--- START ---

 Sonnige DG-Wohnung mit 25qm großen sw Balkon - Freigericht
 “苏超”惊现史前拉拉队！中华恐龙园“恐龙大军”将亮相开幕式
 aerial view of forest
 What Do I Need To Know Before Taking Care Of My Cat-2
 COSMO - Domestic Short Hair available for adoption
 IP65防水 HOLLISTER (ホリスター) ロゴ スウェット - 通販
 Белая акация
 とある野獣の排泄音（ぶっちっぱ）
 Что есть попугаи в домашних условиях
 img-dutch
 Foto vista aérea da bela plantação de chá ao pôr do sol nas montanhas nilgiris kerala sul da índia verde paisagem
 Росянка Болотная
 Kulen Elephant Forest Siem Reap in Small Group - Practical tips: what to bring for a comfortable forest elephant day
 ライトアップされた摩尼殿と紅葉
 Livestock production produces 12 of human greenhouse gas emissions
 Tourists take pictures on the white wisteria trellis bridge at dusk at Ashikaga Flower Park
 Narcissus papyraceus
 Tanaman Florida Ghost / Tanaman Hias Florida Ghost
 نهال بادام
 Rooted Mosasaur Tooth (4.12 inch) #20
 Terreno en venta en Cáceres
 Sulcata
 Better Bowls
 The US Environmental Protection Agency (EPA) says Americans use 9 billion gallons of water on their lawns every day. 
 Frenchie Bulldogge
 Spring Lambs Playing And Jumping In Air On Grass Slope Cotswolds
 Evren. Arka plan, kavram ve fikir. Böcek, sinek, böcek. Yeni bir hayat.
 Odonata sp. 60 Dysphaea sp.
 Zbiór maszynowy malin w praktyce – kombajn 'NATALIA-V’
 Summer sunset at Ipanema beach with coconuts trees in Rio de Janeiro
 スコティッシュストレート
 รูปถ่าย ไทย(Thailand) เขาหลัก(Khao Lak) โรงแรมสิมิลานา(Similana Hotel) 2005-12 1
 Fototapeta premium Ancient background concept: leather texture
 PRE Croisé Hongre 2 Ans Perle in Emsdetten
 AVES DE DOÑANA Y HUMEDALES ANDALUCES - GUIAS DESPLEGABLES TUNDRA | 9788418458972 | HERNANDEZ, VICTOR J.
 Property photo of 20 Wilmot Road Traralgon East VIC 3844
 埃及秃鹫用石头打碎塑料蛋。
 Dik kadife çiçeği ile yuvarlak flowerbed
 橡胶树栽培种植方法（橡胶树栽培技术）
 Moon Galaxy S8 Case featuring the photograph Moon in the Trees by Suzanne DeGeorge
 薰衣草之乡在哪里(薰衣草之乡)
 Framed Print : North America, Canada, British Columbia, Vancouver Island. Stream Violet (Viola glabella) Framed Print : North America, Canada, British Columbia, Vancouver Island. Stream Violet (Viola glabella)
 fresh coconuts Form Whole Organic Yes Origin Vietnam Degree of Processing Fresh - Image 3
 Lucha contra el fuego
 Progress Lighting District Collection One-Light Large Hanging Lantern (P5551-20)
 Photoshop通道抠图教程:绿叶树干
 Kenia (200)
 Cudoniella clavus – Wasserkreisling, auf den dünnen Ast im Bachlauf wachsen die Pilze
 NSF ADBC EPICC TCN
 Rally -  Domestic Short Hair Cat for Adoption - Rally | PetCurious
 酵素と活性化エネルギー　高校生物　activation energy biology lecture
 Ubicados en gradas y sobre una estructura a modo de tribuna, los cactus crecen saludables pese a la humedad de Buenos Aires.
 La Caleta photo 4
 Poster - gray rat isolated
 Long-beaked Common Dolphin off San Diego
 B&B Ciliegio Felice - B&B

--- END ---

EXERCISE DESCRIPTION = Retype, exactly as written, everything from the first line of the data above through the line containing "Tourists take pictures". Nothing else should appear.

SOLUTION FOR THIS PROBLEM =
 Sonnige DG-Wohnung mit 25qm großen sw Balkon - Freigericht
 “苏超”惊现史前拉拉队！中华恐龙园“恐龙大军”将亮相开幕式
 aerial view of forest
 What Do I Need To Know Before Taking Care Of My Cat-2
 COSMO - Domestic Short Hair available for adoption
 IP65防水 HOLLISTER (ホリスター) ロゴ スウェット - 通販
 Белая акация
 とある野獣の排泄音（ぶっちっぱ）
 Что есть попугаи в домашних условиях
 img-dutch
 Foto vista aérea da bela plantação de chá ao pôr do sol nas montanhas nilgiris kerala sul da índia verde paisagem
 Росянка Болотная
 Kulen Elephant Forest Siem Reap in Small Group - Practical tips: what to bring for a comfortable forest elephant day
 ライトアップされた摩尼殿と紅葉
 Livestock production produces 12 of human greenhouse gas emissions
 Tourists take pictures on the white wisteria trellis bridge at dusk at Ashikaga Flower Park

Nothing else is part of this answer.